[[ Data to use, beginning ]]
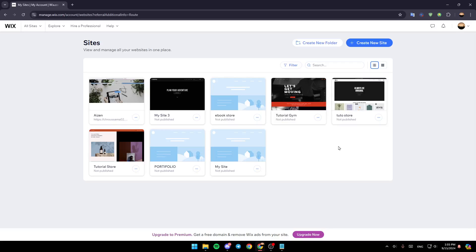Hello everyone and welcome back to a new video. In this video I'm going to show you how you can remove your credit card from Wix. If you want to learn how to do it, just follow the steps that I'm going to show you.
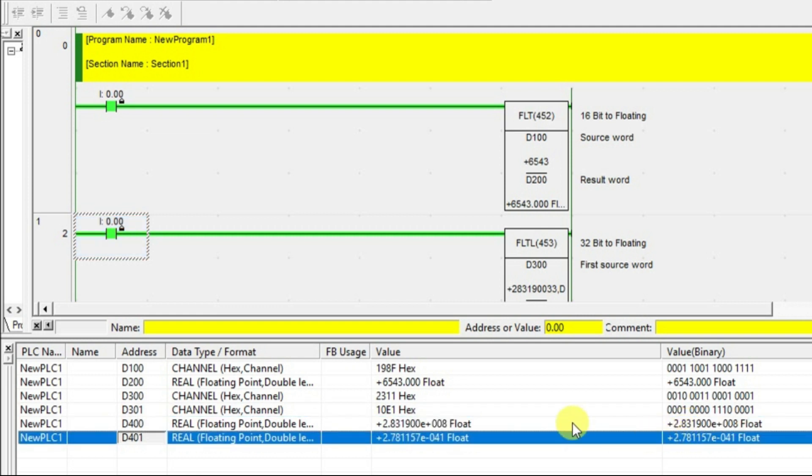Now you can see the floating point value. It's a real number, so it's 32-bit data. You can see it in the D400 values. This is how you convert binary values to floating point numbers.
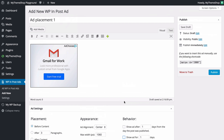Scrolling up, on the right-hand side, if you want to enter this ad manually you can use the shortcode shown there — just copy and paste it into a post, a page, or any widget that supports shortcodes. You can do that to add the ad anywhere you like.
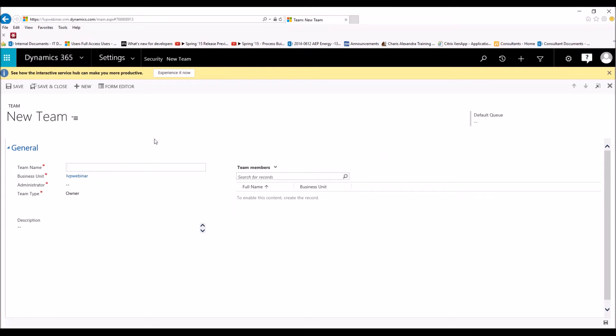So now we're creating a brand new team. We want to give our team a name, so we're going to name it Sales Team. This is where we set the business unit. Some companies have multiple business units, and you want to make sure that you set the business unit to match the different types of records that those individuals are going to have access to, because the team and the individuals will have the same access as long as the record is in the same business unit.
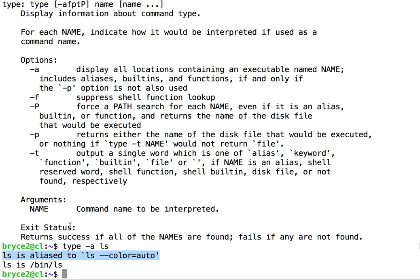So here we have ls listed as an alias, as well as the location of ls in the file system.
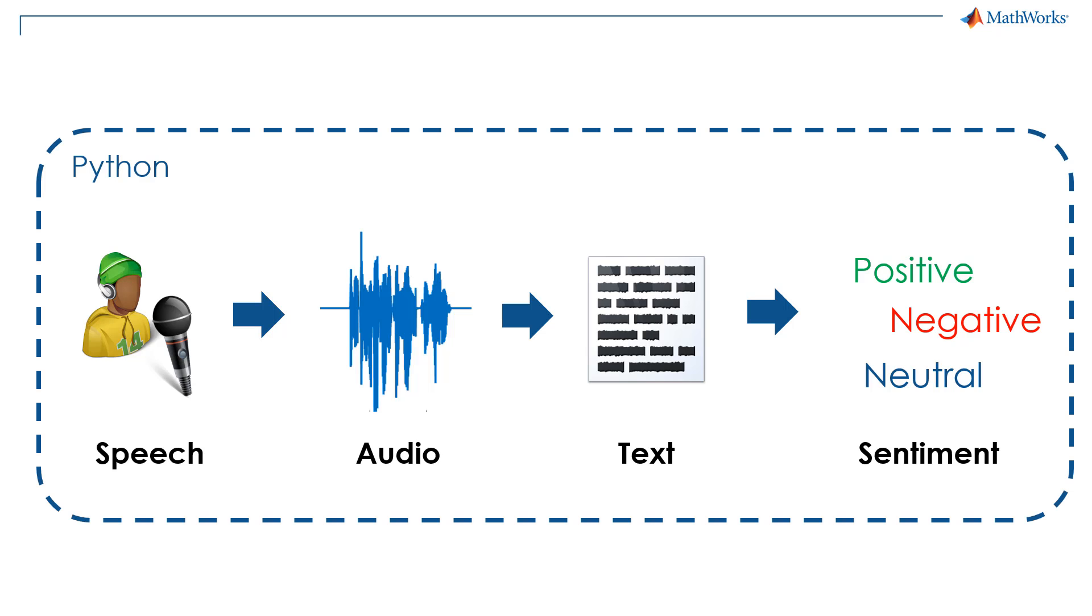Suppose I'm doing all my development in Python, but my colleague already has MATLAB code to perform sentiment analysis on text. Instead of rewriting code or finding a new solution, I want to still use the MATLAB code for sentiment analysis and do the rest of my work in Python.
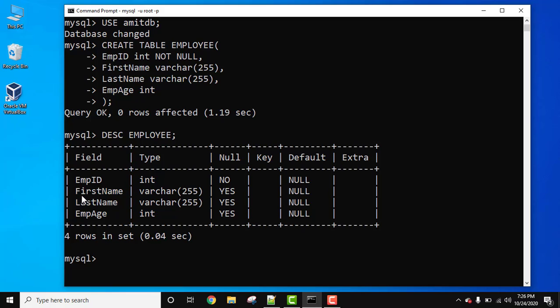Now the structure of the table is visible. In the entire table, we have four columns and only employee id is not null. As you can see, null means no, that means we have created employee id field as not null.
[[ Data to use, end ]]
Task prompt: Go through the listing above and write it out again exactly, dropping the pictures.

Task response:
Hello everyone and welcome back to a new video. In this video I'm going to show you how you can remove your credit card from Wix. If you want to learn how to do it, just follow the steps that I'm going to show you.
Now you can see the floating point value. It's a real number, so it's 32-bit data. You can see it in the D400 values. This is how you convert binary values to floating point numbers.
Scrolling up, on the right-hand side, if you want to enter this ad manually you can use the shortcode shown there — just copy and paste it into a post, a page, or any widget that supports shortcodes. You can do that to add the ad anywhere you like.
So now we're creating a brand new team. We want to give our team a name, so we're going to name it Sales Team. This is where we set the business unit. Some companies have multiple business units, and you want to make sure that you set the business unit to match the different types of records that those individuals are going to have access to, because the team and the individuals will have the same access as long as the record is in the same business unit.
So here we have ls listed as an alias, as well as the location of ls in the file system.
Suppose I'm doing all my development in Python, but my colleague already has MATLAB code to perform sentiment analysis on text. Instead of rewriting code or finding a new solution, I want to still use the MATLAB code for sentiment analysis and do the rest of my work in Python.
Now the structure of the table is visible. In the entire table, we have four columns and only employee id is not null. As you can see, null means no, that means we have created employee id field as not null.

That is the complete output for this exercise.